=== SUPPLIED MATERIAL ===

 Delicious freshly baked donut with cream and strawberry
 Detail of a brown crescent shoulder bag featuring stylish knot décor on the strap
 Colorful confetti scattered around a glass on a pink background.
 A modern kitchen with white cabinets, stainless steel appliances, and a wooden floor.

===
=== SUPPLIED MATERIAL ===

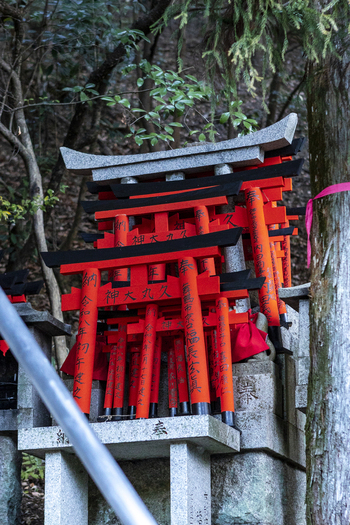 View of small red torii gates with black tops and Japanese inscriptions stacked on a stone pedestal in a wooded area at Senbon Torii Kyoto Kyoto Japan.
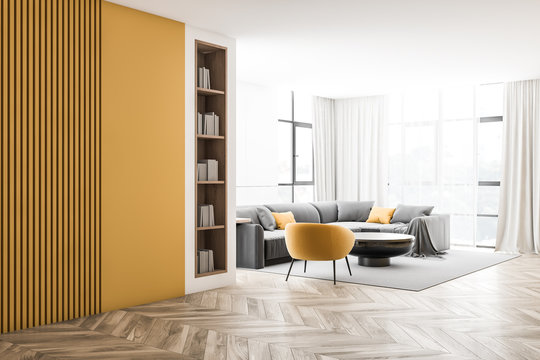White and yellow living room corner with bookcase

===

[EXERCISE DETAILS] From the records above, print only the lines between the one holding "Detail of a" and the one holding "A modern kitchen", inclusive, exactly as they stand.

[EXERCISE SOLUTION]
 Detail of a brown crescent shoulder bag featuring stylish knot décor on the strap
 Colorful confetti scattered around a glass on a pink background.
 A modern kitchen with white cabinets, stainless steel appliances, and a wooden floor.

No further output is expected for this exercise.